The navigation proceeds smoothly, the large gennaker gives us beautiful surfs. Soon we will be joined by a ridge of light winds what will slow us down Everything seems under control and the only thing that is really changing is the temperature. It was really cold outside, the humidity in the air was incredible and the sea water is down to 6 degree Celsius. We were still in second place, but the weather seems to open up an opportunity for us to recover miles on Cessna, the boat leading the race.
Racing towards Cape Horn
“Do you think they’ll slow down so much they can we pass them”? asked Hugo.
“Why not? If we positioned ourselves in this area, you see, we too would be at the edge of the ridge of light winds, only further south and with better wind”. Hugo followed me with a puzzled look, then placed the cursor on the point I indicated.

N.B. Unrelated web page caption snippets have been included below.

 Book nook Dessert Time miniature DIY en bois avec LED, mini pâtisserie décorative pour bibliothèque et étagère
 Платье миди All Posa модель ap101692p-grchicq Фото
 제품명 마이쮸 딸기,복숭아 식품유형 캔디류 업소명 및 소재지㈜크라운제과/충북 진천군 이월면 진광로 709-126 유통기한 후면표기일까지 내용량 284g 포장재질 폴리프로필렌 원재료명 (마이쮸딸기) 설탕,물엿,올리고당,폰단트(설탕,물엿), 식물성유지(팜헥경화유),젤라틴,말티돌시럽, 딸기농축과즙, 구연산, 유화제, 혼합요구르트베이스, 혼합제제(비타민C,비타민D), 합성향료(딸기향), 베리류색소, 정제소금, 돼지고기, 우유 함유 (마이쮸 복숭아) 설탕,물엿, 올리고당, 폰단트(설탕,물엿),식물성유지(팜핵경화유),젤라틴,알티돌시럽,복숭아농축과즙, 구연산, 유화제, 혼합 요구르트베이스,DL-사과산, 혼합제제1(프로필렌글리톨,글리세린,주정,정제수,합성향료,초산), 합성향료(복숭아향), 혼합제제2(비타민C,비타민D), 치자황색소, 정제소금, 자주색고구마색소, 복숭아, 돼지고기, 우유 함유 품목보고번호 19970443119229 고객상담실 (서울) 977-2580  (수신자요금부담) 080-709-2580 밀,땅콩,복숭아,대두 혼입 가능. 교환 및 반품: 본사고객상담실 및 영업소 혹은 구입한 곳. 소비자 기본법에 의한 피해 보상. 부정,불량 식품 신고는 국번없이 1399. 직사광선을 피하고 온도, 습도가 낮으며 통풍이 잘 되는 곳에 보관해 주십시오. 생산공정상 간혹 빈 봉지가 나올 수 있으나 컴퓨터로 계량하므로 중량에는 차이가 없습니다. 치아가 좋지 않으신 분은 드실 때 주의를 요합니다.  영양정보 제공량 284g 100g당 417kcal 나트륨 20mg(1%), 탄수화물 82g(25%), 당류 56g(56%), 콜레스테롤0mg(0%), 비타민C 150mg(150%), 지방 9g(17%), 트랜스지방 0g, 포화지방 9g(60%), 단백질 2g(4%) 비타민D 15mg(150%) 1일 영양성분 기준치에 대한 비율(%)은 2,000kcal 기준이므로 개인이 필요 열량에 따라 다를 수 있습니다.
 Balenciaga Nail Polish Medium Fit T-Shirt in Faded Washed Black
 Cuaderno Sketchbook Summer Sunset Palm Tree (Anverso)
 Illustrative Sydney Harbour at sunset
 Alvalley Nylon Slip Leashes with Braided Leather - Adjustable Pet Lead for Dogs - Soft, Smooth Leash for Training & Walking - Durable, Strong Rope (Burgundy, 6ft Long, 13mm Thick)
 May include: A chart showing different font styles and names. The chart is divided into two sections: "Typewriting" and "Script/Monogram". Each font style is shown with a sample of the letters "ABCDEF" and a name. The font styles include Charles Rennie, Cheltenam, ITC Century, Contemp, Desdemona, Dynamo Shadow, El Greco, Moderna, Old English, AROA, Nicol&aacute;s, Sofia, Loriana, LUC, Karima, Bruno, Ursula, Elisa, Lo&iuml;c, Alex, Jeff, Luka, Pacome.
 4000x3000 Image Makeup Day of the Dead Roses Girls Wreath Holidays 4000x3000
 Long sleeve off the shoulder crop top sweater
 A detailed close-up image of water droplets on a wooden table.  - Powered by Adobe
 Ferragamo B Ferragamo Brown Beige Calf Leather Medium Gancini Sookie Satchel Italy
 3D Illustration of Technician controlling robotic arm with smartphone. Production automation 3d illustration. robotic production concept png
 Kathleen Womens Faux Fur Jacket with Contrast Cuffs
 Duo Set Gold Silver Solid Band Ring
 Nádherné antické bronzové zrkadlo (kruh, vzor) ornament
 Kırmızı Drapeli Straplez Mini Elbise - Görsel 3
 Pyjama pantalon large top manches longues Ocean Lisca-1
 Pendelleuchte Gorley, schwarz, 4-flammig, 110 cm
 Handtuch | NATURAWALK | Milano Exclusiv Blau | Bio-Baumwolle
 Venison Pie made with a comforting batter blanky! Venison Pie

“Que putas, sixty degrees South! Do you really want to push yourself that low?!”
Just as our debate progresseed happily, the autopilot decided it’s time to play one of his tricks on us. The autopilot drive pushed the tiller all the way to one side, without any posibility to react, the boat did an involuntary gybe. We were laid flat by the wind with all the weights on the wrong side and the mainsail resting on the runners and checks. I didn’t even reach the sheets in the cockpit that I hear the gennaker tear again. Nothing we could do. We dowsed it down, but the damage was too extensive to repair. We really didn’t need something like this to happen.
We change to the medium spinnaker and get back on course. We take the more southern route to attempt to overtake our opponent..
Cape Horn 24 Feb. 2012 - The calm before the storm
As expected the ridge of light winds reached us, but then slowly we started to make way again, slowly. Behind the ridge we find pressure and we start making up miles on Cessna, which seems stuck in light airs. Hard to think that a few days ago this was the fiercest sea we had ever seen.
Our tactic works and our comeback is relentless. We manage to reach their same longitude by passing them over fifty miles further south and making good 300 miles over them. I’m in a good mood.
There was a thick fog outside and the boat moved like a ghost on smooth water. With little more than six knots of wind we were sailing at nearly 7 knots. The air was humid and cold and we were very near the freezing point. The water temperature has dropped to four and a half degrees Celsius. It feels like returning to the Great Banks of Newfoundland, during the OSTAR, where I had sailed in absolute silence, in an enchanted forest atmosphere. As then there is that smell of snow in the air.
The icebergs near Cape Horn = “Puta madre, iceberg? Really?”
“We are in a danger area, I think, but the probability should be low.” I showed him the last satellite image provided by the race committee before the start. “We were less than a hundred miles from the known ice limit and some small icebergs could easily have drifted this far.”
“We kept an eye on the radar and if only the fog rose we could also look outside”!
We continued on our course and collected more dividends on our investment. For the first time since the start of the race we are the leading boat. I have no illusion on the possibility of winning the leg. But a mistake or a damage aboard Cessna would be enough to give us to give us the top spot on the podium. To finish first you first have to finish.